Linguistics as Data Science - LAN00058I

Department: Language and Linguistic Science
Credit value: 20 credits
Credit level: I
Academic year of delivery: 2022-23
- See module specification for other years: 2023-24 2024-25 2025-26

Module summary

This module prepares students for the analysis of linguistic data sets (from small to very big data) using quantitative methods and serves as a foundation for advanced third year modules that rely on independent research. This includes data tidying, visualisation and statistics.

Module will run

Occurrence	Teaching period
A	Spring Term 2022-23 to Summer Term 2022-23

Module aims

Data science is a way of using evidence to better understand the world around us, through a combination of scientific methods, statistics, and subject-specific knowledge. This module will familiarise students with the essential tools of data science as they apply to linguistics. Students will develop skills and knowledge in data management, visualisation and statistical modelling through the analysis of linguistic data sets in the R statistical software environment. An additional goal of this module is to foster quantitative literacy in general, helping students become critical consumers of arguments based on numbers, regardless of whether those arguments are made in linguistics or other fields such as politics or economics.

The module directly feeds into advanced research-oriented modules that students typically attend in their third year. It is currently a prerequisite for Advanced Topics in Phonetics and Phonology (L13H) and Methods in Language Variation and Change (E/L06H).

Module learning outcomes

Students who complete this module will be able to:

understand and critically evaluate quantitative arguments and statistical analyses in linguistics and elsewhere;
perform a wide variety of data-related tasks in the R statistical software environment;
create, manage and manipulate tidy data sets;
design and produce professional and informative visualisations;
build statistical models that can be used to make predictions and evaluate hypotheses;
present quantitative results following established conventions in the field of linguistics.

Module content

Data and statistics are all around us. They are used and misused to build narratives and to support agendas. Being able to understand and critically evaluate data and statistics is, therefore, a key skill in today’s society.

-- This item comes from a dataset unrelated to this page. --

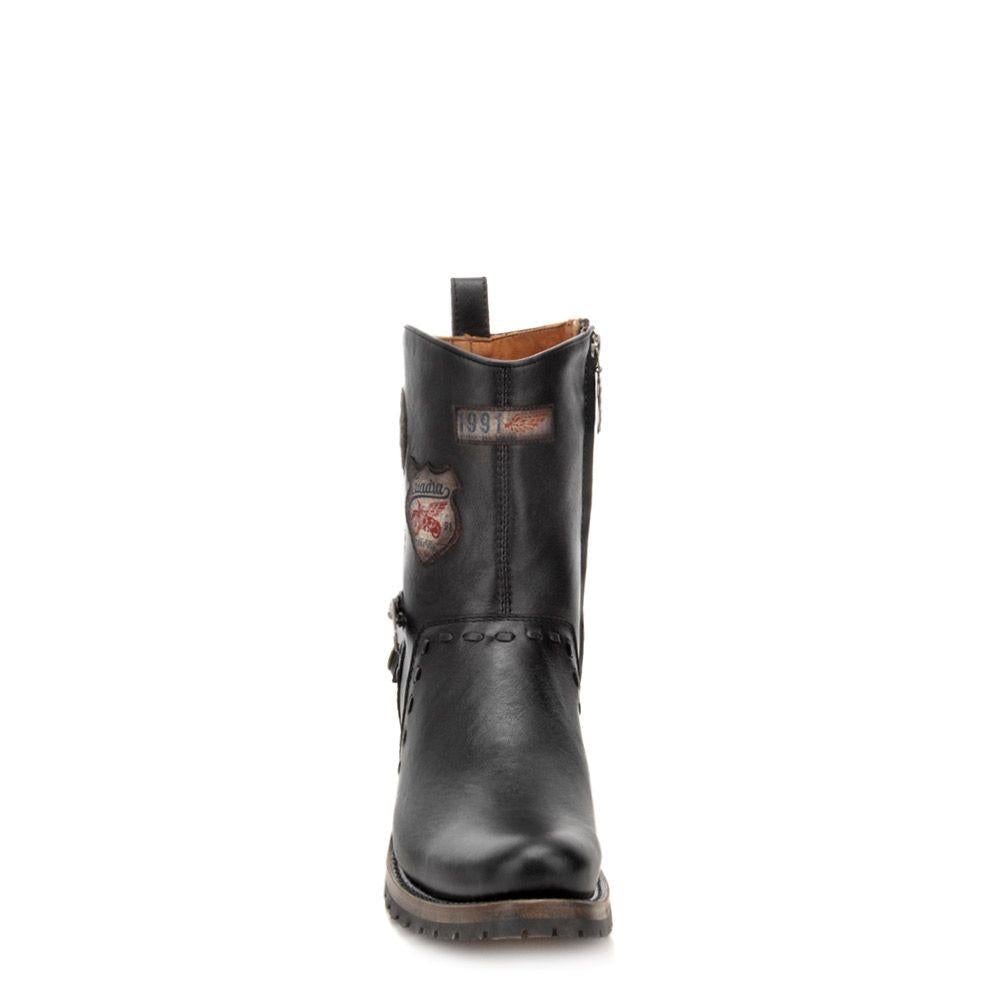 2T38VL - Cuadra black vintage fashion patched leather ankle boots for men-Kuet.us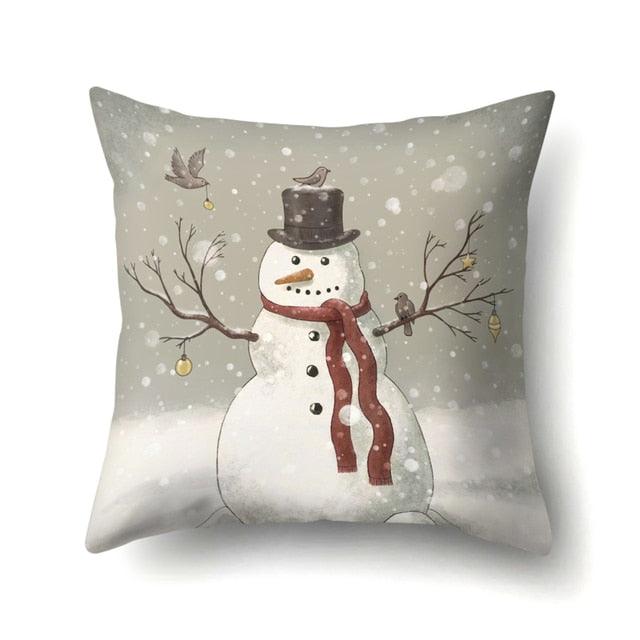 Snowman Christmas Cushion Cover Polyester Decorative Christmas Pillow Cover Merry Christmas Throw Cushion Covers Tree Reindeer Star Pillow Case For Party Throw Pillow New Year Xmas Decor Sofa Living Room Home Decoration Stevvex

This module will help students learn to do this using linguistic data. It will break with the conventional format of modules of statistics that tend to spend an inordinate amount of time on learning about and being able to run simple statistical tests (such a T-tests and chi-squared tests). Rather, we take a holistic approach based on principles of data science. Data science says that understanding and analysing evidence is more than simply running a statistical test. It also involves tidying data sets (i.e. spreadsheets) to remove errors, managing data sets, being able to describe patterns in a data set, and visualisation using graphs.

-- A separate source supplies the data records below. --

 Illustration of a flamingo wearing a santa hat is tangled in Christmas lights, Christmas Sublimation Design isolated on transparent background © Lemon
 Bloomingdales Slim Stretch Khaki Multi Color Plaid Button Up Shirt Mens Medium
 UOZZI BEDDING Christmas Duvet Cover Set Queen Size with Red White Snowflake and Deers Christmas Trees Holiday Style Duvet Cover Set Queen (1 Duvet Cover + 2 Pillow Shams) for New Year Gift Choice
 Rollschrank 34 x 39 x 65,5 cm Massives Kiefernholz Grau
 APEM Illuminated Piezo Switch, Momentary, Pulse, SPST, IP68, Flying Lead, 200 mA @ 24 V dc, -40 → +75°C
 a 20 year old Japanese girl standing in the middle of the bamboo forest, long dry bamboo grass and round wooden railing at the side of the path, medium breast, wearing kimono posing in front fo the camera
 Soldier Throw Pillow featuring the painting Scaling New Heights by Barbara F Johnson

The first few weeks of the module are devoted entirely to descriptive statistics, data visualisation and data exploration, giving students a sense of what they can do with data and enabling them to communicate statistical results in an elegant and efficient way. The rest of the module focuses on modelling. All statistical techniques rely on models of reality. Models are a way of generalising patterns to the wider population and making predictions about future behaviour (for example, weather reports are inherently statistical and rely on data). In this module, we will start with simple models and gradually introduce more complexity in order to deal with different types of linguistic data. Throughout we will use examples from phonetics, sociolinguistics, syntax, psycholinguistics and language acquisition

This structure is a much better reflection of current practices in data analysis, and it allows us to give students up-to-date skills and knowledge that will serve them well not just in third-year modules but also in their future career.

Indicative assessment

Task	% of module mark
Groupwork	20.0
Open Exam (7-day week)	80.0

Special assessment rules

None

Additional assessment information

In this section we provide a more detailed overview of the assessments in the proposed module. Assessment will consist of two pieces of summative work:

Summative group project (20%): Group project presented in the form of a wiki and group-work diary in Week 10 (T2)
Students will be assigned to small groups of around four or five members. Each group will choose a project from a short list of three or four options. Each project has an associated data set. The groups will be required to critically evaluate previous studies on the topic, particularly in terms of methods, analysis and statistics. The project must include an analysis of the data set itself and students must present visualisations of the data (i.e. figures/graphs) as well as the results of statistical modelling (by week 10, they will be able to run simple models). The final project will be submitted in the form of a wiki (max 1500 words) along with a ‘group-work’ diary outlining who did what at each stage of the project. Submission of the project will be in Week 10 of T2.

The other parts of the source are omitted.